**WHAT TO DO:**
Stop after the line containing "Nice Older Ceramic": print each line exactly from the first line of the listing up to that point.

**INFORMATION PROVIDED:**
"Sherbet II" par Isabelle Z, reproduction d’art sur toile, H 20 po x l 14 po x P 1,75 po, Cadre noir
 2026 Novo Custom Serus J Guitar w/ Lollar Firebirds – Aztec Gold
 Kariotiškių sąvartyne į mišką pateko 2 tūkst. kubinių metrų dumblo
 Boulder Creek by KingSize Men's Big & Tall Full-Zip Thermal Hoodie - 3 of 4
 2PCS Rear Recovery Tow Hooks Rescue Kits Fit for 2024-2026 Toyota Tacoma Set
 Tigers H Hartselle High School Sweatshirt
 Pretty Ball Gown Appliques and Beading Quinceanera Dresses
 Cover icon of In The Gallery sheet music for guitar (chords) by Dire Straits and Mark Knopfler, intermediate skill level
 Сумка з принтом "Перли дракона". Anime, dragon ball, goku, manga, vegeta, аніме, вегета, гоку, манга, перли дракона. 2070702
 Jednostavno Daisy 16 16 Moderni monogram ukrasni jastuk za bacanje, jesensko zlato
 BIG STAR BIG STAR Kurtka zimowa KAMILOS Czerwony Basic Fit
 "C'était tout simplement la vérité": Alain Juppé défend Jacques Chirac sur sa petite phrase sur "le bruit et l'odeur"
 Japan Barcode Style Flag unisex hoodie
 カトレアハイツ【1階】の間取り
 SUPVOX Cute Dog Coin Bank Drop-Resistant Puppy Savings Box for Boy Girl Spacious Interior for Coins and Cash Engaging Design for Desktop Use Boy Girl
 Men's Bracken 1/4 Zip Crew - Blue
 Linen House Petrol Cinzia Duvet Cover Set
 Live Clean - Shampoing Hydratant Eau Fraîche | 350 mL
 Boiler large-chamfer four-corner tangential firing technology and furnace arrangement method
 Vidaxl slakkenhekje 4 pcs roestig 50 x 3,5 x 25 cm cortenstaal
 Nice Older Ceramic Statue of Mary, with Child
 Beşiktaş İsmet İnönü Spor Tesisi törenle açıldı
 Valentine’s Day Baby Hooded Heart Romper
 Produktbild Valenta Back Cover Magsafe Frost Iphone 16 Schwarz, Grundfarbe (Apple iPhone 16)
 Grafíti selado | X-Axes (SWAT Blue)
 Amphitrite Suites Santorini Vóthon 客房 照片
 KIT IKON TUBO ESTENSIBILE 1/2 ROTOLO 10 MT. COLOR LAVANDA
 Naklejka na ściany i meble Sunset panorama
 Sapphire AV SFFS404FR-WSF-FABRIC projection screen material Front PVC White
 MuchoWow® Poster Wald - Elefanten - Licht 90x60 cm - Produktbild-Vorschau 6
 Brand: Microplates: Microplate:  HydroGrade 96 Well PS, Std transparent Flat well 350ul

**RESPONSE BOX:**
"Sherbet II" par Isabelle Z, reproduction d’art sur toile, H 20 po x l 14 po x P 1,75 po, Cadre noir
 2026 Novo Custom Serus J Guitar w/ Lollar Firebirds – Aztec Gold
 Kariotiškių sąvartyne į mišką pateko 2 tūkst. kubinių metrų dumblo
 Boulder Creek by KingSize Men's Big & Tall Full-Zip Thermal Hoodie - 3 of 4
 2PCS Rear Recovery Tow Hooks Rescue Kits Fit for 2024-2026 Toyota Tacoma Set
 Tigers H Hartselle High School Sweatshirt
 Pretty Ball Gown Appliques and Beading Quinceanera Dresses
 Cover icon of In The Gallery sheet music for guitar (chords) by Dire Straits and Mark Knopfler, intermediate skill level
 Сумка з принтом "Перли дракона". Anime, dragon ball, goku, manga, vegeta, аніме, вегета, гоку, манга, перли дракона. 2070702
 Jednostavno Daisy 16 16 Moderni monogram ukrasni jastuk za bacanje, jesensko zlato
 BIG STAR BIG STAR Kurtka zimowa KAMILOS Czerwony Basic Fit
 "C'était tout simplement la vérité": Alain Juppé défend Jacques Chirac sur sa petite phrase sur "le bruit et l'odeur"
 Japan Barcode Style Flag unisex hoodie
 カトレアハイツ【1階】の間取り
 SUPVOX Cute Dog Coin Bank Drop-Resistant Puppy Savings Box for Boy Girl Spacious Interior for Coins and Cash Engaging Design for Desktop Use Boy Girl
 Men's Bracken 1/4 Zip Crew - Blue
 Linen House Petrol Cinzia Duvet Cover Set
 Live Clean - Shampoing Hydratant Eau Fraîche | 350 mL
 Boiler large-chamfer four-corner tangential firing technology and furnace arrangement method
 Vidaxl slakkenhekje 4 pcs roestig 50 x 3,5 x 25 cm cortenstaal
 Nice Older Ceramic Statue of Mary, with Child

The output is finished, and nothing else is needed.